En el último viaje los hombres son yahoos porque los caballos son el punto de vista que se asume como obvio. Los yahoos, es decir, los hombres despojados de disfraces, son pura y simplemente el mal, la ambición, la vanidad, la falta de escrúpulo, la abominación moral, la depravación y la mentira. El mal, eso que desde el punto de vista de un houyhnhnm resulta inconcebible por incompatible con la racionalidad (para ellos saber lo correcto es también hacer lo correcto), condena a los yahoos a la vida que tienen, esa vida miserable que ha sido examinada en los viajes anteriores. No permanecerá el narrador en el país de los houyhnhnms, pero la larga estancia entre ellos, la inmersión en su lengua y sus modales, la adquisición del punto de vista radicalmente otro que representan estas criaturas íntegras y veraces, así como el viaje mismo y todas las aventuras, hacen que Gulliver sea capaz de verse a sí mismo desde fuera, reconociéndose en el espejo como el yahoo que muy es a su pesar, condenado a vivir entre otros yahoos (lo cual no deja de ser cómico), aprendiendo a amar su propia miseria, pudiendo intentar, por eso mismo y como mucho, corregirse y enmendarse a sí mismo, que no a la humanidad, tarea que se descarta por su futilidad y su hipocresía.

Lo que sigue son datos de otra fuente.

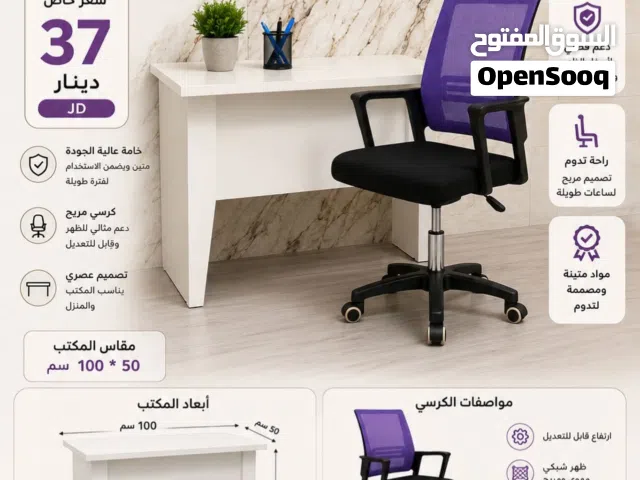 مكتب + كرسي شبك مريح بتصميم عصري يعطيك راحة وشكل مرتب لمساحتك    مكتب قياس 100×50 سم  كرسي شبك مريح
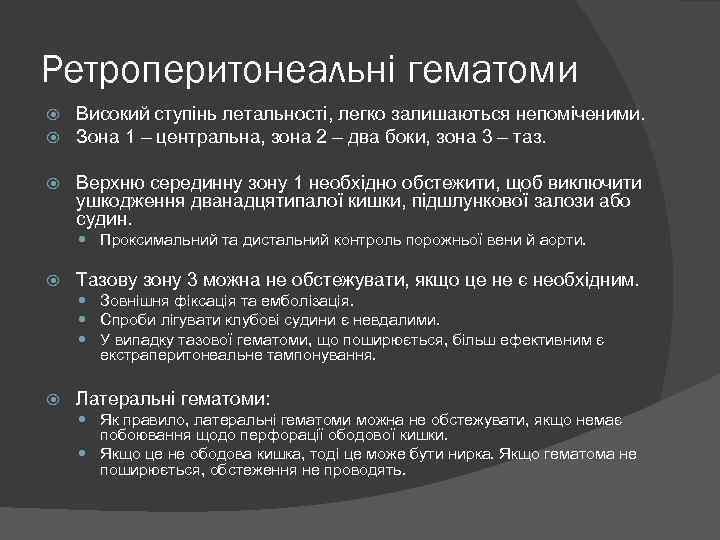 Ретроперитонеальні гематоми Високий ступінь летальності, легко залишаються непоміченими. Зона 1 – центральна, зона 2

«Los viajes de Gulliver» tiene mucho del viejo cuento de las edades, cuya degeneración progresiva explica los rasgos del tiempo presente. Lo que hace de él un genuino cuento moderno es que en el estudio de las causas de la corrupción presente lo que se descubre no es simplemente la caída desde un momento en que la pasión era esclava de la razón, sino más bien la limitación de la razón misma, pues si el paraíso racional de los caballos también era un paraíso moral, en la Europa a la que el protagonista es expulsado la razón está presente, casi omnipresente, pero es enteramente incapaz de erradicar la malicia y corregir el vicio (las guerras y los asesinatos son cosas perfectamente racionales), lo cual, desde el punto de vista de un houyhnhnm, resulta mucho peor que la brutalidad pura y dura de los yahoos de su país, pues ésta al fin y al cabo es inocente, mientras que los yahoos de Inglaterra son responsables de sus abominaciones. Lo que escandaliza al houyhnhnm no es la maldad irracional de sus yahoos, sino la razón puesta al servicio de la maldad, fenómeno del que Gulliver le da sobrada cuenta.